According to the Associated Press article the teenagers were tried and found not guilty on serious state charges and are now being charged in Federal Court. A half dozen inebriated members of their high school football team, according to the prosecutor, acted as a team in attacking the twenty-five year old Hispanic man after they attended a block party.
At one point during the fight Ramirez walked away. Then one of the teenagers yelled racial slurs at him and he charged towards them.
Certainly the death of Ramirez is a tragedy, but a number of a number of basic American traditions are brought into question by the trial. While no strict double jeopardy question arises since the Federal charges are different from the state charges for which the men were found not guilty. But do we really want to give the government two bites of the apple. They already put the defendants through one serious trial and now they are facing life in prison in a second trial for the same act.
Ramirez left the fight and then came back to renew it. I do not know about Pennsylvania law but under California law and the law of many states Piekarsky and Donchak had no duty to retreat. They would have had a right to defend themselves. As the Supreme Court recently pointed out in McDonald the right to defend oneself, even with a gun and there were no guns involved in this case, is fundamental to the American way of life.

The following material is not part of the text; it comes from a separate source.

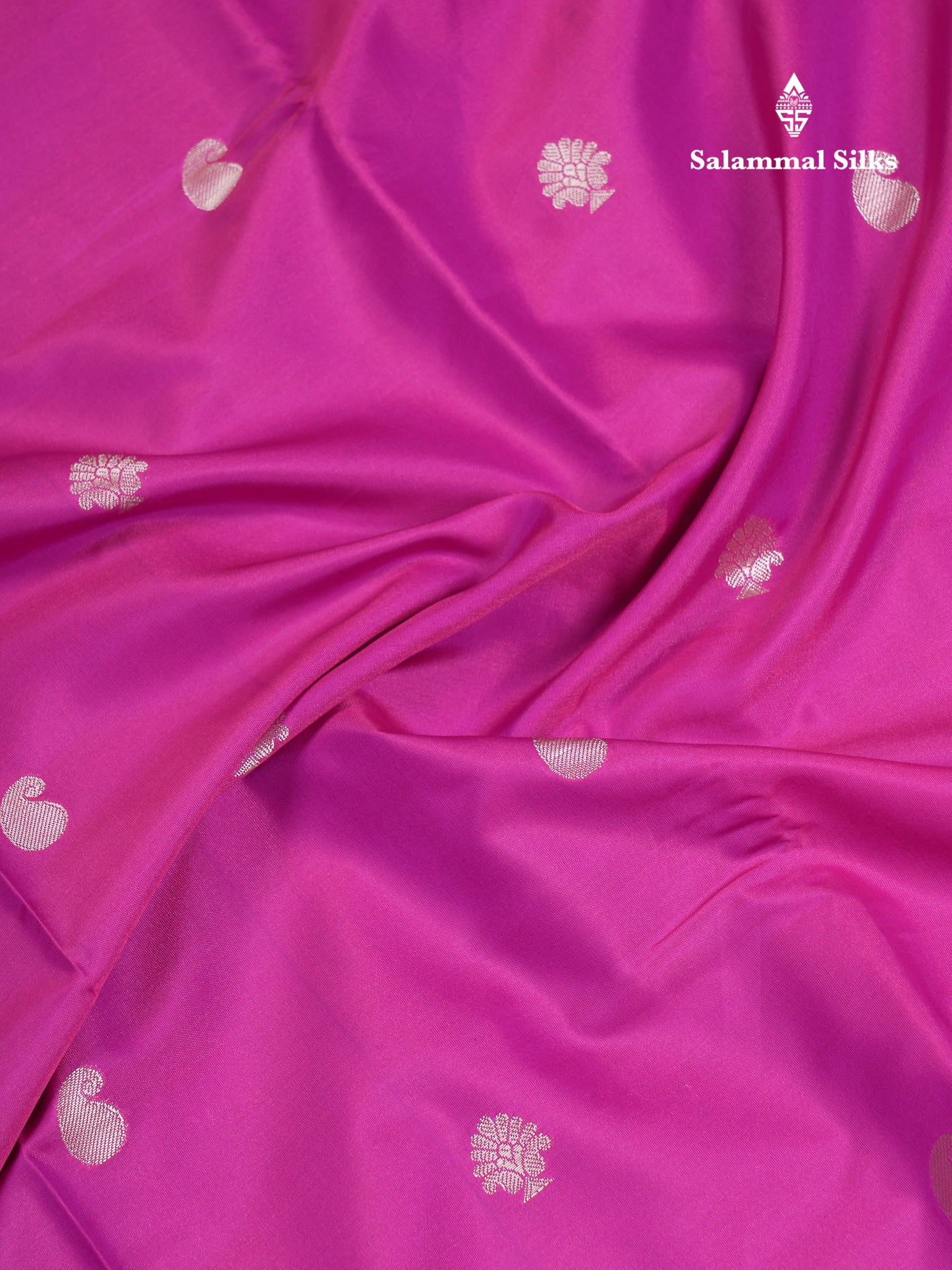 Beautiful Magenta Pink Fancy Semi Soft Silk Saree With Traditional Border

A third issue is that the four football players are being treated as a team. Two of them have plead and the other two are on trial but the prosecutor calls them a team. Traditionally we insist upon individual responsibility. We do not blame everyone walking home in the group because one of the group, Brian Scully yelled racial slurs at Ramirez. Nor do we hold it against the entire group that Collin Walsh knocked Ramirez out or that Piekarsky kicked him in the head while he was unconscious.
Regardless of what you think about these American traditions the law is not the best way to change them. Regardless of what the jury does, the right of self defense in strongly ingrained in our society. Likewise nothing that happens in Scranton is going to change American individuality or view about subjecting defendants to multiple trials for the same behavior. These values are taught to us as children and trials are not going to change them.
On the other hand it does not mean that the men should go free. Nothing in our traditions endorses murder and murder should be punished, unless as I suspect the jury in the state case found that the men were acting in self defense.
Double Jeopardy, Hate Crimes, Homicide, Immigration Civil Rights, Hate Crimes, Homicide, McDonald v. Chicago, Murder, Self Defemse 3 Comments »3 Responses to “PENNSYLVANIA MEN ON TRIAL FOR HATE CRIMES”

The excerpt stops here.